Notes from Business of Software Conference 2017
I speak tomorrow at the Business of Software conference. Here are my notes from the sessions so far.
1. Jason Cohen : Healthy, wealthy and wise
“This is not a presentation, a sermon” – a passage from the book of hackernews. “I don’t want to be a founder anymore – there’s a lot to lose from speaking how I feel. We’re profitable, growing, debt free and about to be acquired. The problem is I am supremely unhappy”
The founder who posted this had four choices:
Quit, killing company
Hate the next 2-5 years
Fix it
Keep running the company
It seems to be a common pattern that founders aren’t happy despite achieving all the things they set out to do (See Credit-Suisse research study).
You have to decide to face some ugly , emotional truths – no one will force you to since you have no boss. It’s easy to be a victim of your own denial.
Jason asked the room “who here has taken too long to fire someone?” and most people raised there hands. “Too soon” – on ly a few people. There’s the good reason, and then there’s the real reason we do (or don’t do) thing.
2×2: matrix, Things that don’t need to be done, needs to be done, want to do, don’t want to do
The fact that a thought won’t go away, and keeps you up at night, is a good indicator it’s something you need to deal with.The emotionally tough choice is usually the right choice.
How to do the tough thing:
Be swift: delay never helps, often hurts
Be decisive: flapping hurts
Be kind: to the person, to others, to yourself
Someone is always the smartest people in the room, but many people might believe that it’s them.
A players hire A. B’s hire Cs.. The presumption is that as an A, you are an A at everything, but when you take on a new role, like finance, even after a couple of months you are not really an A. And when you hire, you are calibrating against yourself, so you unintentionally hire a C and staff new roles or departments with C.

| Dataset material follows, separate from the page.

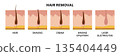 Hair removal methods. Hair, shaving, cream, waxing epilation, laser electrolysis 135404449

“We don’t hire smart people to tell them what to do. We hire smart people so they can tell us what to do.”
Be an editor, not a writer. Hold people to hire standards, but hire people who can do their own job/role better than you can.
Action oriented vs. results oriented – results are about outcomes and customer satisfaction, action is just a series of acts and choices
He told the story of selling his first company Smart bear. He got an offer and talked to his wife, who said “you have to sell.” And he asked why. And she said “Don’t you know how unhappy you are?” And even when he sold the business, he thought he’d feel better, but not at first. It took a long time to resort himself.